**** Exercise materials
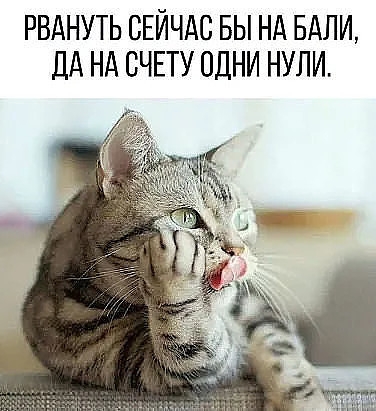 РВАНУТЬ СЕЙЧАС БЫ НА БАЛИ дд Нд СЧЕТУ ОДНИ НУЛИ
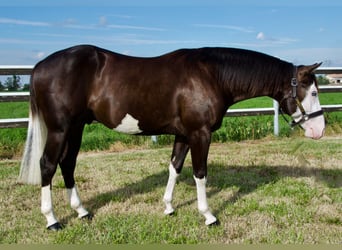 Caballo cuarto de milla, Semental, 5 años, Negro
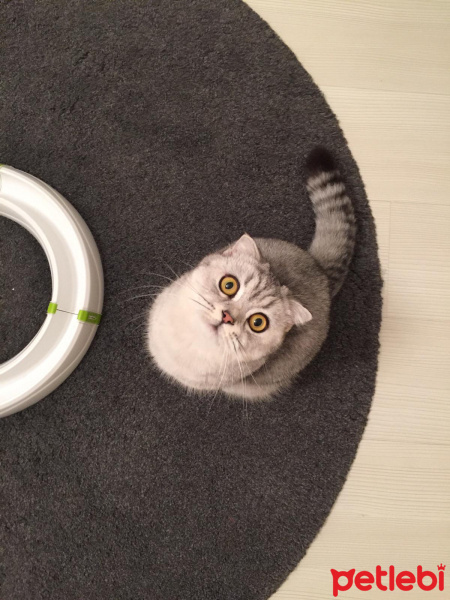 Scottish Fold, Kedi  ŞiLa fotoğrafı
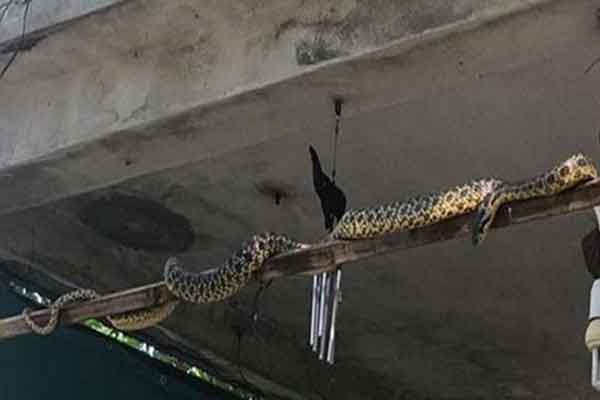 Γέμισε με φίδια η Σμύρνη - Πώς συνδέονται με τον μεγάλο σεισμό (ΦΩΤΟ)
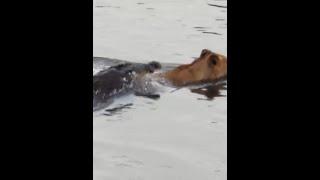 鱷魚襲擊渡河的動物，獅子成功逃脫，角馬慘遭毒手 #野生動物零距離 #神奇動物在抖音 #獅子 #角馬 #內容啟發搜索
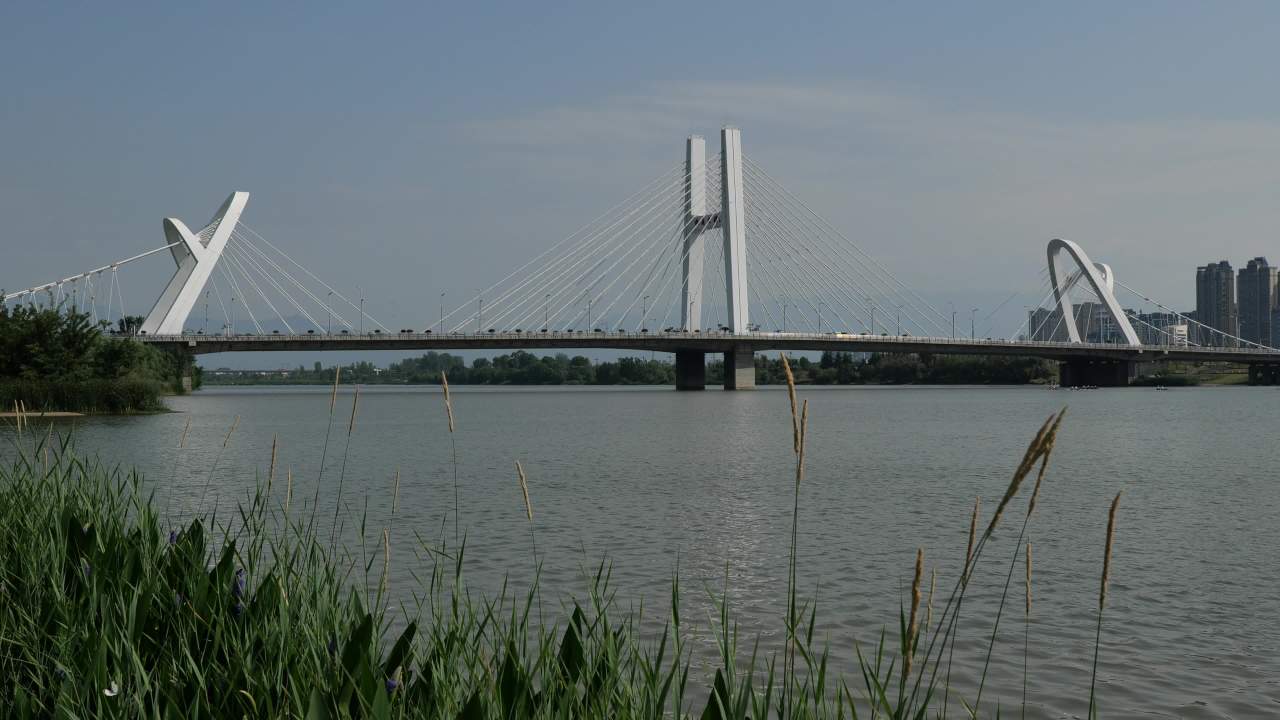 湿地公园一角 5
********
**Work task:**
Exclude every picture and restate the listing word for word.

**Result for this exercise:**
 РВАНУТЬ СЕЙЧАС БЫ НА БАЛИ дд Нд СЧЕТУ ОДНИ НУЛИ
 Caballo cuarto de milla, Semental, 5 años, Negro
 Scottish Fold, Kedi  ŞiLa fotoğrafı
 Γέμισε με φίδια η Σμύρνη - Πώς συνδέονται με τον μεγάλο σεισμό (ΦΩΤΟ)
 鱷魚襲擊渡河的動物，獅子成功逃脫，角馬慘遭毒手 #野生動物零距離 #神奇動物在抖音 #獅子 #角馬 #內容啟發搜索
 湿地公园一角 5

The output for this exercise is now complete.